### [Data under study]
Segment Open

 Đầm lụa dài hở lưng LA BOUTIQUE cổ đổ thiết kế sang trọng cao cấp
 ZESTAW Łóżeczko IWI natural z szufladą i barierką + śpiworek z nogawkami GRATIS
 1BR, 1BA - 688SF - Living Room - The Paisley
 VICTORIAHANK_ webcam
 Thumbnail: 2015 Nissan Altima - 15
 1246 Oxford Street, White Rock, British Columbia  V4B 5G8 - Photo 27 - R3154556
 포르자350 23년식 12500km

Segment Closed
Segment Open

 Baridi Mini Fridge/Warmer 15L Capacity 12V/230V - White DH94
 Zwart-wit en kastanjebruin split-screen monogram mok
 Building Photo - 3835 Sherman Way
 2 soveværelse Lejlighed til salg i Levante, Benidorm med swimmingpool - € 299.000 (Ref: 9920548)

Segment Closed

### [What the task asks]
Look back at the entries above. Retype the line with "VICTORIAHANK_ webcam", the line with "포르자350 23년식 12500km", and all lines in between.

### [Response to this exercise]
 VICTORIAHANK_ webcam
 Thumbnail: 2015 Nissan Altima - 15
 1246 Oxford Street, White Rock, British Columbia  V4B 5G8 - Photo 27 - R3154556
 포르자350 23년식 12500km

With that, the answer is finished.